> [TO DO]: Taking the line with "Amaline Top in Black" as the first and the line with "Μπορντούρα πόρτας Κιτ" as the last, set down the lines below exactly, pictures excluded.

> [Web page caption snippets]:
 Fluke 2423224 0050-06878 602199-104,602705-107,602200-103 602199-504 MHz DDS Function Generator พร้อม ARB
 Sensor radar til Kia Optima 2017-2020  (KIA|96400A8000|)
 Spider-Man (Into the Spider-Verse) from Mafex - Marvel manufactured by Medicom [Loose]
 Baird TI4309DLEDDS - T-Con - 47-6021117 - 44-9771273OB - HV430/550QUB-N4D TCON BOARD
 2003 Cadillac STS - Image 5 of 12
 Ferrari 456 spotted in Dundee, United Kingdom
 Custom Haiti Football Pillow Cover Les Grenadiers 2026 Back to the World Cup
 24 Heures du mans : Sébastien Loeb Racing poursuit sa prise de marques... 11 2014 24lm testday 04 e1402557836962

...

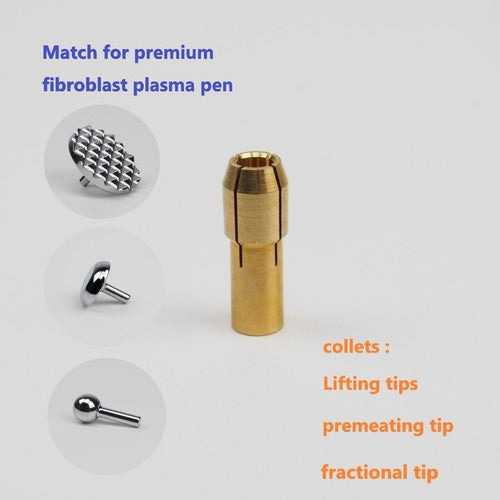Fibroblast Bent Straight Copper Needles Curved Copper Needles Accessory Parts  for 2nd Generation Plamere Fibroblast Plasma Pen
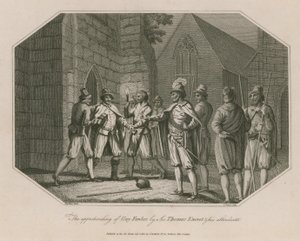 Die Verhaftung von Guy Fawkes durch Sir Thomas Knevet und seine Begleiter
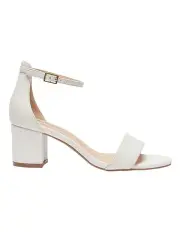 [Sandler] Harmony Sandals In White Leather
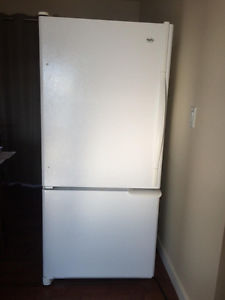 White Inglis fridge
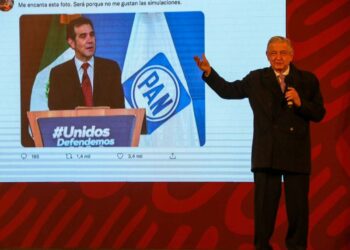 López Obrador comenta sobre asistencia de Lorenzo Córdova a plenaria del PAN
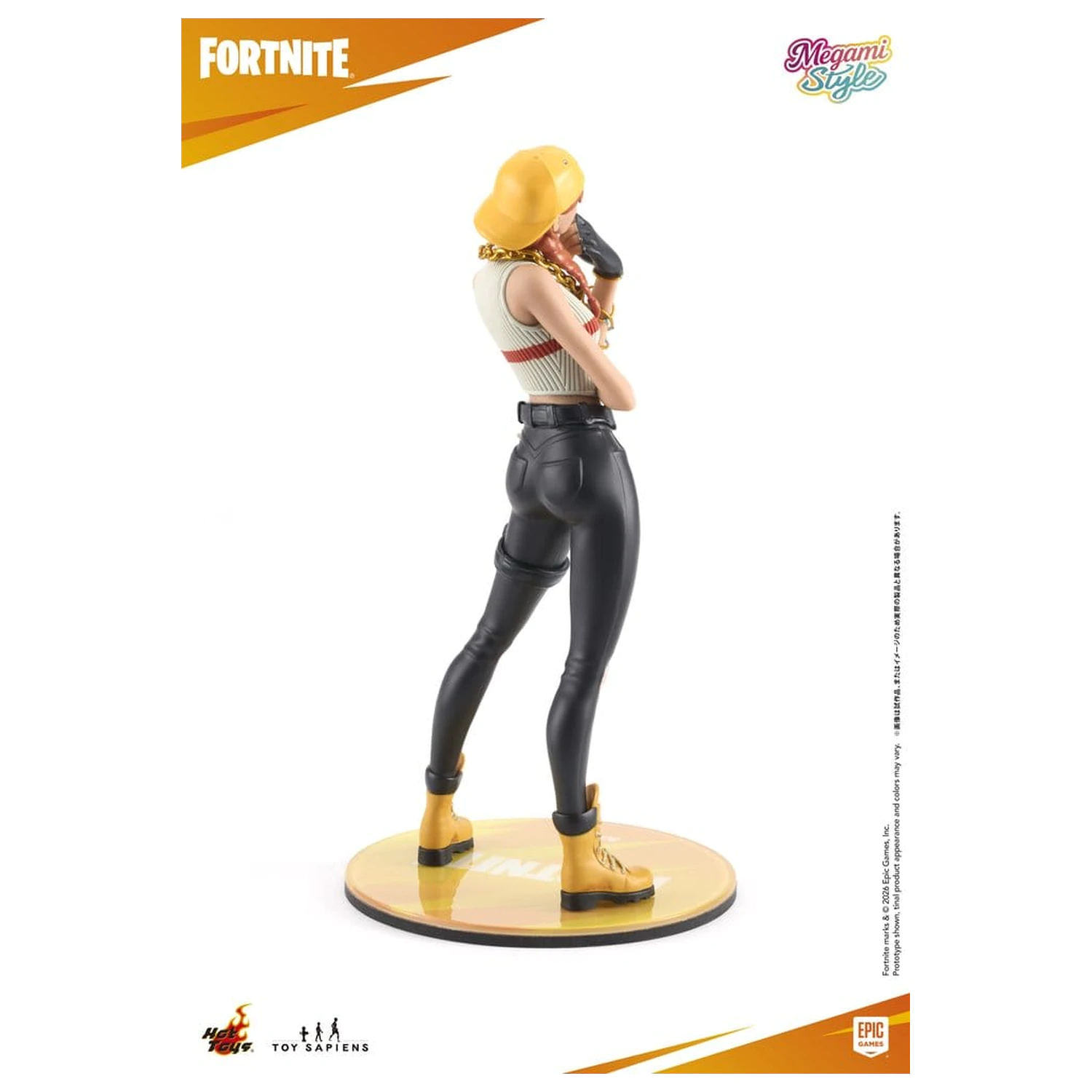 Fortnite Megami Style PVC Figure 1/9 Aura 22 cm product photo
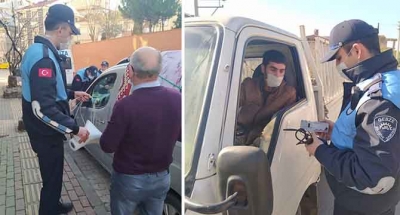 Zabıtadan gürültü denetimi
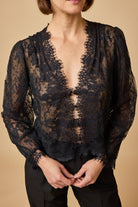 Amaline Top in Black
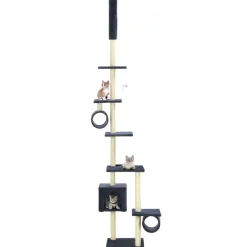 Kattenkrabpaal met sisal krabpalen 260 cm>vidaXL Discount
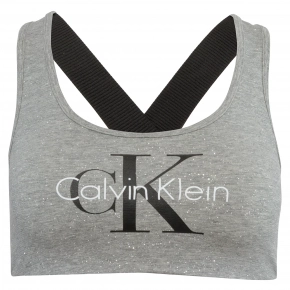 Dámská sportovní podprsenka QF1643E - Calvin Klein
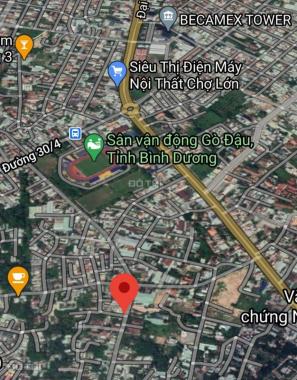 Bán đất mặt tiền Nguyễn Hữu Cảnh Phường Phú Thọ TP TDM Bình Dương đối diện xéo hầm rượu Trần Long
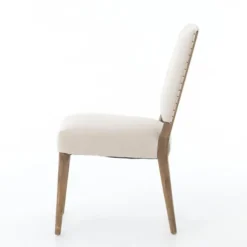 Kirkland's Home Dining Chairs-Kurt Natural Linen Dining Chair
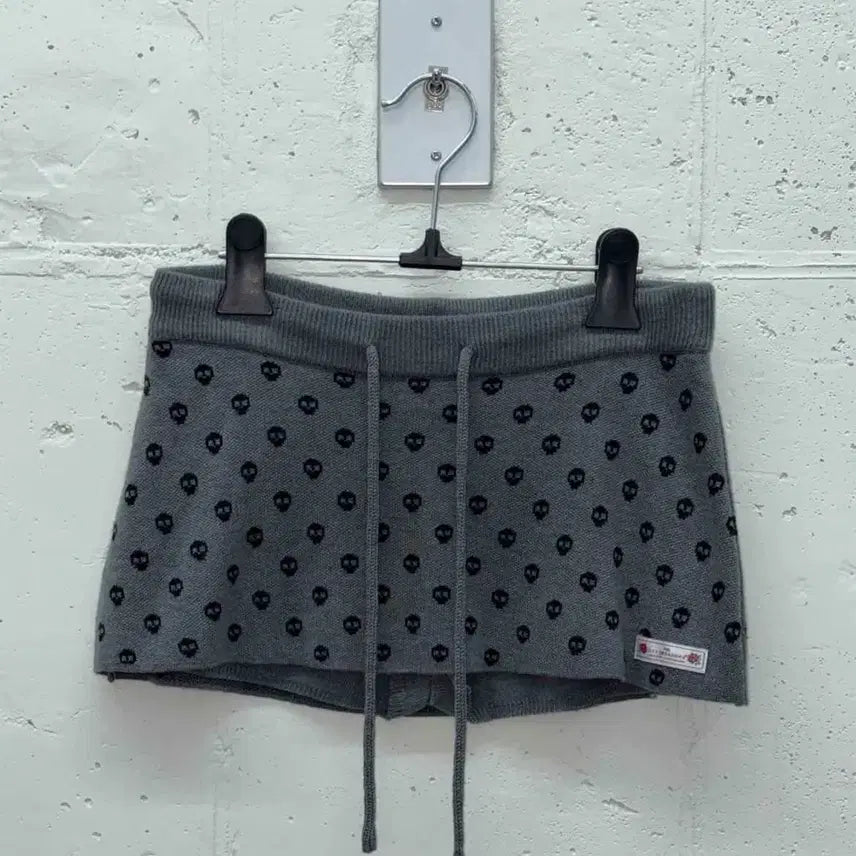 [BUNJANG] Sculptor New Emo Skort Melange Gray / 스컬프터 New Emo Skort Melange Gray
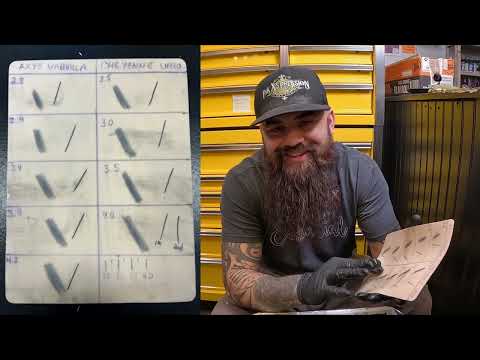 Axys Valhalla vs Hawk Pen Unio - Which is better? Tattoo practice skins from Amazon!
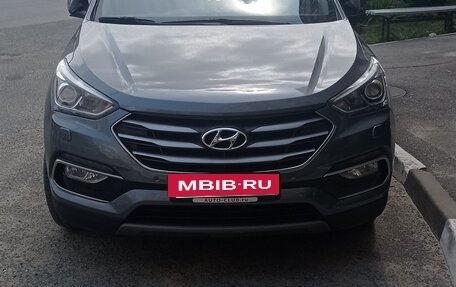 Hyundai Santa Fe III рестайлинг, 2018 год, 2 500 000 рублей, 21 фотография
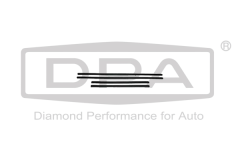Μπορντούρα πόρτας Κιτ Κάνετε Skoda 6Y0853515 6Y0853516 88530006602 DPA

> [EXERCISE OUTPUT]:
 Amaline Top in Black
 Kattenkrabpaal met sisal krabpalen 260 cm>vidaXL Discount
 Dámská sportovní podprsenka QF1643E - Calvin Klein
 Bán đất mặt tiền Nguyễn Hữu Cảnh Phường Phú Thọ TP TDM Bình Dương đối diện xéo hầm rượu Trần Long
 Kirkland's Home Dining Chairs-Kurt Natural Linen Dining Chair
 [BUNJANG] Sculptor New Emo Skort Melange Gray / 스컬프터 New Emo Skort Melange Gray
 Axys Valhalla vs Hawk Pen Unio - Which is better? Tattoo practice skins from Amazon!
 Hyundai Santa Fe III рестайлинг, 2018 год, 2 500 000 рублей, 21 фотография
Μπορντούρα πόρτας Κιτ Κάνετε Skoda 6Y0853515 6Y0853516 88530006602 DPA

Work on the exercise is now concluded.